Gdybyśmy rozumieli zanim zaczniemy to taki proces, podróż to nie było by to drogą wiary, lecz wiedzy. Nagle pojawiają się na czołowym miejscu wersy z listów: Rzm 14:23, 1Kor 8:1, oraz Rdz 2:9:

[Rzm 14:23b] „wszystko zaś, co nie wypływa z wiary, jest grzechem”.

[1Kor 8:1b] „Poznanie nadyma, lecz miłość buduje”.

[Rdz 2:9b] „ …drzewo życia w środku ogrodu i drzewo poznania dobra i zła”.

Jeśli prosimy Boga, aby dał nam TERAZ coś, czego jeszcze nie potrzebujemy, to nie chodzimy wierze, zaufaniu, a raczej nie ufamy Mu. Ufamy temu, co mamy, co wiemy, polegamy na naszej własnej sile. Jest to modlitwa, na którą Ojciec, ze względu na Swoją wielką miłość, nie może odpowiedzieć.

Powiedziawszy to, trzeba stwierdzić bardzo właściwe jest prosić TERAZ o zaopatrzenie z chwilą, gdy zaangażujemy się w bitwę. Chodzi mi o takie modlitwy: „Oczekuję, że wkrótce stanę do tej bitwy, Ojcze, proszę cię teraz, abyś włożył wtedy w moje ręce broń, gdy będzie już potrzebna”.

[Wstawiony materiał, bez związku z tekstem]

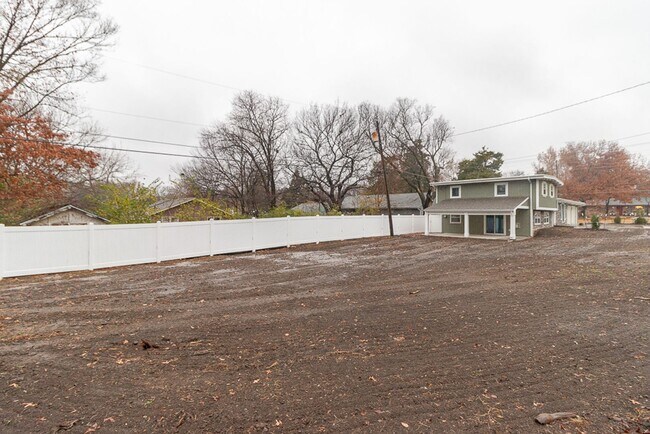 Building Photo - Gorgeous fully updated 3 bed 3 bath near KU Campus!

Myślę, że dobrym rozwiązaniem jest przeniesienie zaufania z polegania na zaopatrzeniu na poleganie na Tym, który zaopatruje. Praktycznie rzecz biorąc, chodzi o to, że więcej czasu modlitwy poświęcamy na poznanie Go, niż na proszenie Go o różne rzeczy; więcej czasu spędzonego z Nim na kanapie, niż po drugiej stronie biurka, więcej czasu na modlitwę relacyjną, niż biznesową.